Thursday, January 14, 2021

Thursday's New York Times crossword puzzle solved: January 14, 2012















My time: 9:21, five minutes faster than average.

Theme: SPIN THE BOTTLE.  This is somewhat tricky.

Five circled squares contain the letters b-o-t-t-l-e, in a ring, as highlighted above.  But it runs both ways.  That is, the answers work one way if the B is at the bottom of the ring going clockwise, and the other set of answers intersecting the circled squares work if the B is at the top of the ring going clockwise.

For example: The Across clue, "ancient unit of length," is CUBIT.  That's all fine and good.  But a B doesn't work in that circled square when it comes to "petrol unit," the intersecting Down clue.  So on my grid it reads as LIBRE, but should be read as litre. (I probably should have entered both as a rebus, but I didn't.)

Similarly, the clue "moves like molasses."  That's seeps, but in my grid it appears as STEPS.  The intersecting clue is "spud," for TATER.  (It could easily be the other way around, seeps and eater.)  Another example: GATOR crosses with lubes, that on my grid reads as LUTES.  The substitutions all make legitimate words, even if they don't fit the clues.

And now that your head is spinning, the fill.

North American baitfish is CHUB, a type of minnow.

ABUSE "of power (common impeachment charge)" is a rather apt clue for this historic day.  Also in the fill: POTUS and AOC.

"Home of Baikal, the world's deepest lake" turns out to be ASIA, which isn't exactly informative.  Oh, it's located somewhere in one-third of Earth's land mass, is it?  Great, that narrows it down.  It's in southeast Siberia.

OLIVIA, niece of Sir Toby Belch, is the lover of Cesario in "Twelfth Night."  Cesario, of course, turns out to be Viola in disguise. Her other two suitors, entirely unwanted, are Orsino and Sir Andrew Aguecheek.

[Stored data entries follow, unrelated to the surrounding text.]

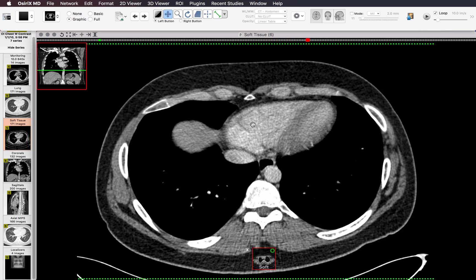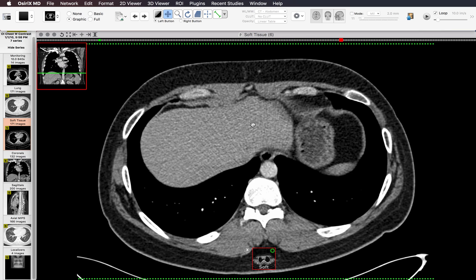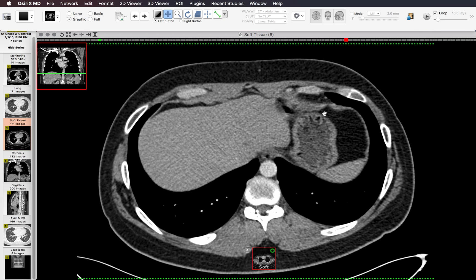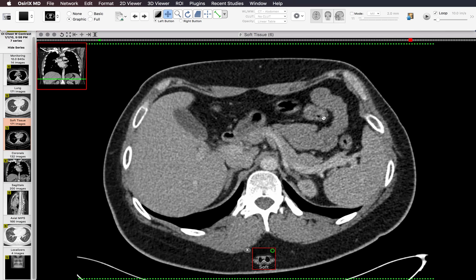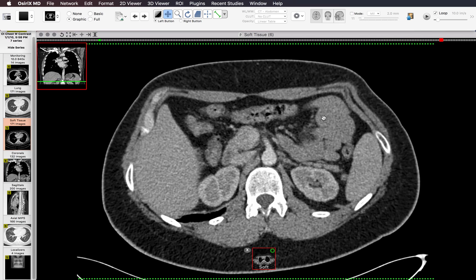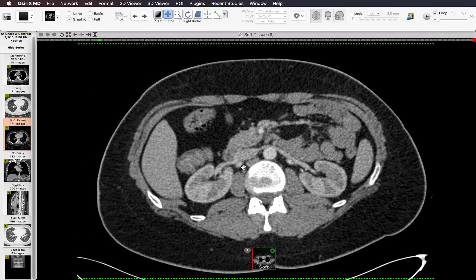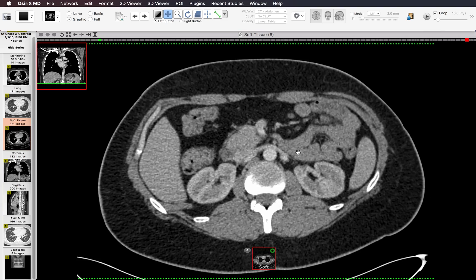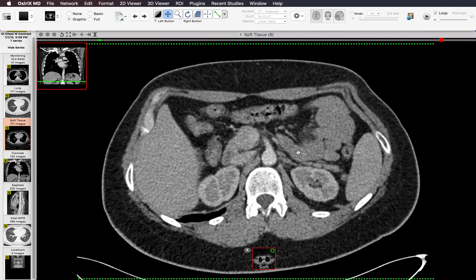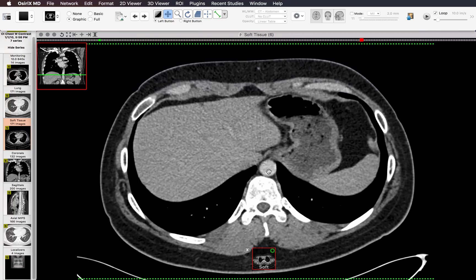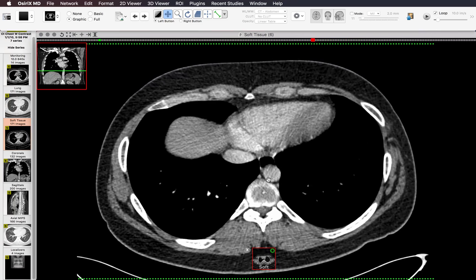Then I scroll down and look at the lymph nodes in the anterior diaphragmatic region, where I do use a 10 millimeter cutoff. Then I go all the way down to the last image and look at the area around the aorta and the esophagus — the paraesophageal and paraaortic regions — looking for lymph nodes.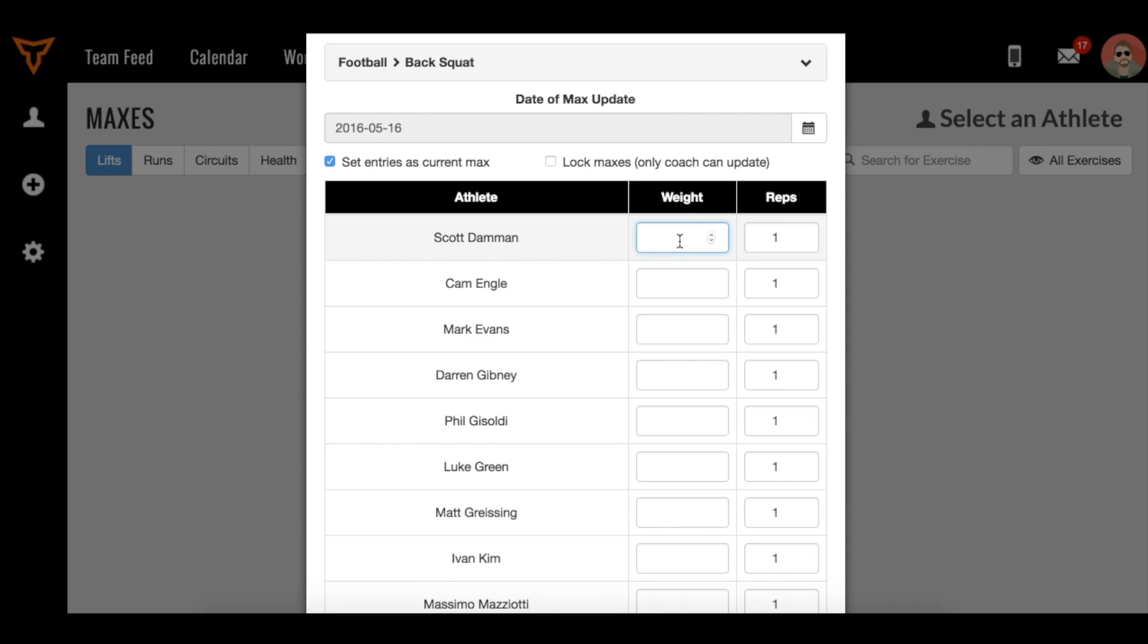From there, you can start adding weights for your athletes. Type in what the athlete has been doing, and you can also edit the number of reps. If you're doing a multi-rep max, just put in the multi-rep here, and we'll use that formula to derive a 1RM for that athlete.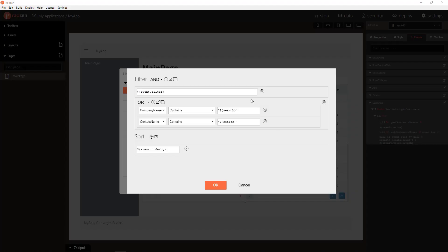Again, the built-in grid filtering expression is combined with the custom search expression. And both can be applied together.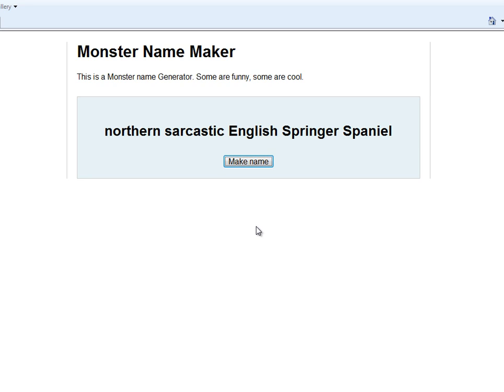Northern Sarcastic English Springer Spaniel. Alrighty, so not the funniest one I've ever seen by a long stretch, but interesting. Northern Sarcastic English Springer Spaniel.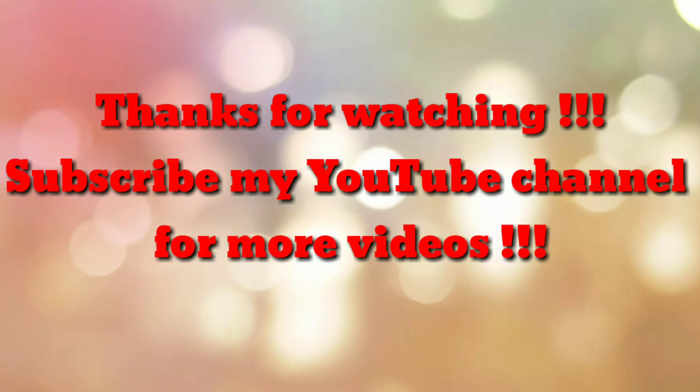That's all. Thanks for watching my video. If you are new to my channel, please subscribe. Thanks a lot.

"90 Day Fiancé," which sounds simply dreadful, is on the TLC network.  Now I know what to avoid! 

Stephen Curry was born in AKRON, Ohio, home to Minor League Baseball's RubberDucks.  So was LeBron James!  In the same hospital!

"Docs treating vertigo" are ENTS?  Yes, it's usually a symptom of the inner ear, and not of crippling anxiety and obsession with mysterious beauties.

I have never heard the word ABOUTNESS, defined as "relevance of text, in librarian's lingo."  I'm not sure we need this word!

Clever clues: "Core features" is ABS.  "What a letter needs" is a LEASE; that's very tricky.  Here a letter is someone who lets or rents a house.  "Uses a light scalpel on?" is LASES.

Well, this one was a BLAST.  Sort of.  I enjoyed the clever theme, but figuring out which letters went in the circled squares was tough for me.  It was only until after I'd solved the whole thing that I saw, finally, that the Bs were at the top and bottom of the ring and turned in sequence.  I was all set to draw a web of lines to show the "switched" letters!